Last of a series of forts which from the Dutch settlement of 1624, guarded lower Manhattan, this structure was built by the United States in the years 1808 to 1811. It was first called “West Battery,” and was one of the important defenses of New York Harbor during the War of 1812 period. Named in honor of Gov. DeWitt Clinton in 1815, in that year it was made Headquarters, US Third Military District. From 1816 to 1820 Gen. Winfield Scott was in command. The Headquarters was removed from Castle Clinton to Governors Island in 1820.
National Park Service, United States Department of Interior
(Castle Clinton Marker)
Although the only historic remains that can be found in today’s Battery Park date back to the War of 1812, an early morning walk along the water’s edge clearly shows its strategic importance.

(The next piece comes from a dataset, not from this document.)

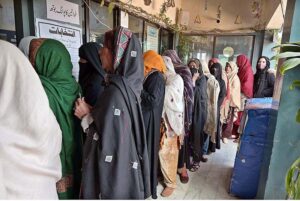 People standing in queue in front of polling station to cast their vote during General Election-2024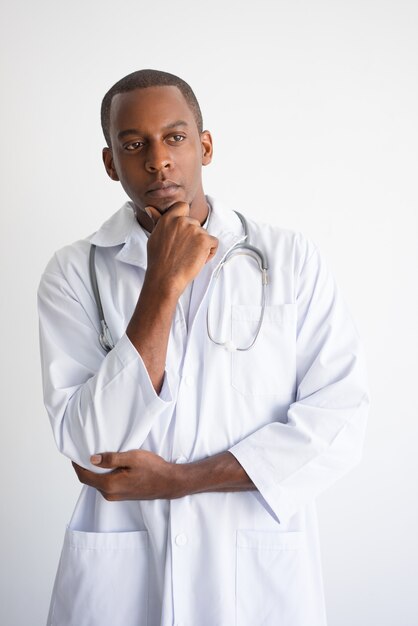 Docteur mâle noir songeur touchant le menton. Concept de décision médicale.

Walk from the west side of the park near Fort Clinton and go east. One can see the Hudson River with the New Jersey Coast in the distance, as well as, Ellis Island and the Statue of Liberty. Continue walking to the east. One can see the East River with Staten Island, Governor’s Island and Long Island in the distance.
The British occupied much of what can be seen from Battery Park for the better part of the Revolutionary War, including Battery Park itself and the area occupied by the buildings that can be seen to the north.
After the American Revolutionary War, on December 4, 1783, General George Washington bade an emotional farewell to his officers at a banquet held in the Long Room, located on the second floor of this tavern. Samuel Fraunces, a West Indian innkeeper, was the proprietor; he later became Washington’s chief steward. Fraunces, also an American patriot, was host to secret meetings of the Sons of Liberty and gave aid to American prisoners of war. The present building, purchased by the Sons of the Revolution in 1904, was restored by them on this site and has since been maintained by them.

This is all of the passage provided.